Mit ungewöhnlich scharfen Worten ist der Verband Niedersächsische Geflügelwirtschaft (NGW) die Agrarpolitik der Bundesregierung angegangen. „Wider jede betriebswirtschaftliche und politische Vernunft wird dennoch die Transformation der deutschen Geflügelhaltung ohne Folgenabschätzung und notwendige Übergangsfristen auch in der aktuellen Problemlage weiter vorangetrieben“, heißt es in einem gerade veröffentlichten „Wegweiser“ des NGW für die Politik und den Lebensmitteileinzelhandel (LEH). Verdrängt werde bewusst oder unbewusst die Tatsache, dass ohne ökonomische Gewinne keine betrieblichen Investitionen möglich seien - auch nicht in mehr Tierwohl.

Stallumbau- oder Neubauten scheiterten im Übrigen nicht nur an mangelnden Finanzierungsmitteln, sondern auch an den notwendigen Baugenehmigungen, stellt der NGW fest. So scheiterten an diesen Widersprüchen am Ende auch die innovationsbereiten Tierhalter; sie zweifelten inzwischen an Logik, Staat und Zukunft. Das liege auch daran, dass die Inhalte der Transformation viel zu oft und viel zu vordergründig von Positionen schlagkräftiger Nichtregierungsorganisationen, bestimmten Politikern und Parteien und von um die Verbrauchergunst buhlenden Unternehmen des LEH beeinflusst würden.

Elite Denken ist nicht der Maßstab!

Auch die Medien beteiligten sich, wenn es darum gehe, Elite-Denken zum alleinigen Maßstab zu machen, auch wenn dies nicht der Mehrheitsmeinung der Bevölkerung oder wissenschaftlichen Fakten entspreche, moniert der NGW. Reale Notwendigkeiten in der praktischen Tierhaltung und Verarbeitung von tierischen Produkten gerieten dabei immer häufiger aus dem Fokus. Andererseits werden laut dem Verband zum Beispiel Vegetarismus und Veganismus, die gegenwärtig nur einen Bruchteil des Lebensmittelmarktes ausmachen, ohne Folgenabschätzung zum allgemeinen Leitbild erhoben. Das verunsichere sowohl die Erzeuger von tierischen Lebensmitteln als auch viele Verbraucher.

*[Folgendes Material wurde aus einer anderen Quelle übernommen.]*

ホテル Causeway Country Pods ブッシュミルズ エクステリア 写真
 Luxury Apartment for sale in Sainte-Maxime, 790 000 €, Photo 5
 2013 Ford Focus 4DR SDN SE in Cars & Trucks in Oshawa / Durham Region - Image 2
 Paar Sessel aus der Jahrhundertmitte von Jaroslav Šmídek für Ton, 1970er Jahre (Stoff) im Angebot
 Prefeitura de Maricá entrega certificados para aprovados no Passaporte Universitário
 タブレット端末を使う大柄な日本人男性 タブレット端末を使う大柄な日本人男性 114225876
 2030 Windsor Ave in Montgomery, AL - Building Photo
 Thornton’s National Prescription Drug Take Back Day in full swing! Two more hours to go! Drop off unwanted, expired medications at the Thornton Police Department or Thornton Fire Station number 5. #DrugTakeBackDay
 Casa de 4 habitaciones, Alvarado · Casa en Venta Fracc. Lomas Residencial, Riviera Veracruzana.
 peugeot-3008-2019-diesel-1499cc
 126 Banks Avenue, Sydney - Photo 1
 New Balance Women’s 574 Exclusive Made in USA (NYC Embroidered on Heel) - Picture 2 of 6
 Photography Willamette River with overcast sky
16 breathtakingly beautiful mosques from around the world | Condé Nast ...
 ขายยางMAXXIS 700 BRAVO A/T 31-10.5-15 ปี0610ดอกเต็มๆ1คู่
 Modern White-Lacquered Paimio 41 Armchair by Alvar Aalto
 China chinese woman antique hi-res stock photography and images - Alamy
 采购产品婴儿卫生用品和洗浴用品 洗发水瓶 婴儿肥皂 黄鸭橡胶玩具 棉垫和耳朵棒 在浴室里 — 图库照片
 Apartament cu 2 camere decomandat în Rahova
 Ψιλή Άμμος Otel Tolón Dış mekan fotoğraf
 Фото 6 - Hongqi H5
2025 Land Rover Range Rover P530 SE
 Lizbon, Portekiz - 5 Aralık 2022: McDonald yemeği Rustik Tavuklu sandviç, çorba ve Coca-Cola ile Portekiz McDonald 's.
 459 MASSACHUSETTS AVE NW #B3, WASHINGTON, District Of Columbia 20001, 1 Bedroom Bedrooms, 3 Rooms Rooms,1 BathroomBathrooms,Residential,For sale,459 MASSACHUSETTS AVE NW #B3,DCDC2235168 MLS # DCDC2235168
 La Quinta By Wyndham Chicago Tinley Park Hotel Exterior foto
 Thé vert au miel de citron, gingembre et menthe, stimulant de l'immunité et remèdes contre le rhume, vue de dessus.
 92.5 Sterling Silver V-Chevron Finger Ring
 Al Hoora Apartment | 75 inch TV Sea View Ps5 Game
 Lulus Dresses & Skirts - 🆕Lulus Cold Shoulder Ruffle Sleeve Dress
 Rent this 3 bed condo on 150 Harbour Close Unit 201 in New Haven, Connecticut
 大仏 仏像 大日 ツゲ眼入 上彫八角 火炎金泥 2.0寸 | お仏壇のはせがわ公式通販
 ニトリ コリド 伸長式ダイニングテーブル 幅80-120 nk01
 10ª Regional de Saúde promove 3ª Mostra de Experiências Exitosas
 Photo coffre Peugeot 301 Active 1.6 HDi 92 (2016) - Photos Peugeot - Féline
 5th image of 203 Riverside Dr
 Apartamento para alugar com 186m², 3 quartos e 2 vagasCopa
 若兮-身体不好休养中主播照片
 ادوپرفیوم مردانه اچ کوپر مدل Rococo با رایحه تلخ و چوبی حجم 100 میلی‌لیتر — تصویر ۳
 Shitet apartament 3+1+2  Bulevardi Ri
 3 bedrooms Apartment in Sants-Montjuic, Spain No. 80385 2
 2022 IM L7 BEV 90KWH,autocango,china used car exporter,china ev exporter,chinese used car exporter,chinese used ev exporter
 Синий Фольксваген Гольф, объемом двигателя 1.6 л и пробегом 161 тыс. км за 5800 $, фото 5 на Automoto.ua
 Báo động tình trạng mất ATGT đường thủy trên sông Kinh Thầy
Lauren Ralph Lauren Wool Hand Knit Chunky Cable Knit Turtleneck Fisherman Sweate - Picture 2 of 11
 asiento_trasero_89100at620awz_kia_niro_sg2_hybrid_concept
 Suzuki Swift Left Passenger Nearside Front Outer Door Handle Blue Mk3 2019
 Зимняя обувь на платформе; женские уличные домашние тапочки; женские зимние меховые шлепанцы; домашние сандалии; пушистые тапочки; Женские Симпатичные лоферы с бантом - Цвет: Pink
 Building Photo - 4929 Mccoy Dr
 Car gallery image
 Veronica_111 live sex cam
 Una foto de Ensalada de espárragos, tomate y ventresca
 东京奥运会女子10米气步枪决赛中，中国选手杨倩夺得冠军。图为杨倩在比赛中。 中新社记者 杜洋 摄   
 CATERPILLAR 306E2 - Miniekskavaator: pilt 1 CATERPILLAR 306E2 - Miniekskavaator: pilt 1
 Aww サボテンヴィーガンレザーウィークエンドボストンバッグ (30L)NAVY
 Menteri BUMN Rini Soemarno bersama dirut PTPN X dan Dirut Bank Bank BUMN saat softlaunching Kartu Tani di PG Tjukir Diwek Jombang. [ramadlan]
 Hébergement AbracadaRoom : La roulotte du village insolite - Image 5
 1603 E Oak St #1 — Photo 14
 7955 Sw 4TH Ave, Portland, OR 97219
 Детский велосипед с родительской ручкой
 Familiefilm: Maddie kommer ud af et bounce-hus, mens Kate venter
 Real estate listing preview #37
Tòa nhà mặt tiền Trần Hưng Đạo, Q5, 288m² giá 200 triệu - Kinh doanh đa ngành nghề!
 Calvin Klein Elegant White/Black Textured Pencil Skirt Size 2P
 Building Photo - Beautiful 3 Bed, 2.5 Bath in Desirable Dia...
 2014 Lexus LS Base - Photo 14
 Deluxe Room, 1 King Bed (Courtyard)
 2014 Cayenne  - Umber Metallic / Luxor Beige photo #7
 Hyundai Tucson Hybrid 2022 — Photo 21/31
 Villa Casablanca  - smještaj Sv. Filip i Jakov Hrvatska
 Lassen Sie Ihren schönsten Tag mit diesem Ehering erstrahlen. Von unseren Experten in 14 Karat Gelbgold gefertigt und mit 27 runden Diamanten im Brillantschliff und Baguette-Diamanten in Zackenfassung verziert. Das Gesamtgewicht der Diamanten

Mehr Realitätsbezug und Fachwissen nötig

Der eigenen Ideologie und entsprechenden Parteiprogrammen folgend würden die ohne Frage zukunftsentscheidenden Themen Klimaschutz und Nachhaltigkeit „fachlich oberflächlich“ zu häufig dafür genutzt, die Biohaltung von Tieren als entscheidenden Lösungsansatz zu propagieren - wohlwissend, dass es so einfach nicht sei und Bio auch nicht pauschal nachhaltiger sei. Ein hoher Flächenbedarf und geringe Erträge seien als Patentrezept wenig geeignet, für die zukünftige Welternährung zu sorgen. Bioackerbau ohne den Dung der Tiere gehe „eben auch nicht“, stellt der NGW klar.

Der Verband fordert von der Politik wieder mehr Realitätsbezug und Fachwissen. Letzteres gelte schon seit Jahren für die konkreten Empfehlungen des Kompetenzkreises Nationale Nutztierstrategie der Borchert-Kommission. Sie seien der in Fachkreisen anerkannte und für die Politik geeignete Wegweiser. Die Empfehlungen machten klar, dass eine erfolgreiche Transformation im Bau- und Emissionsrecht und in der finanziellen Absicherung der tierhaltenden Betriebe einen langfristig gesicherten staatlichen Rahmen brauche.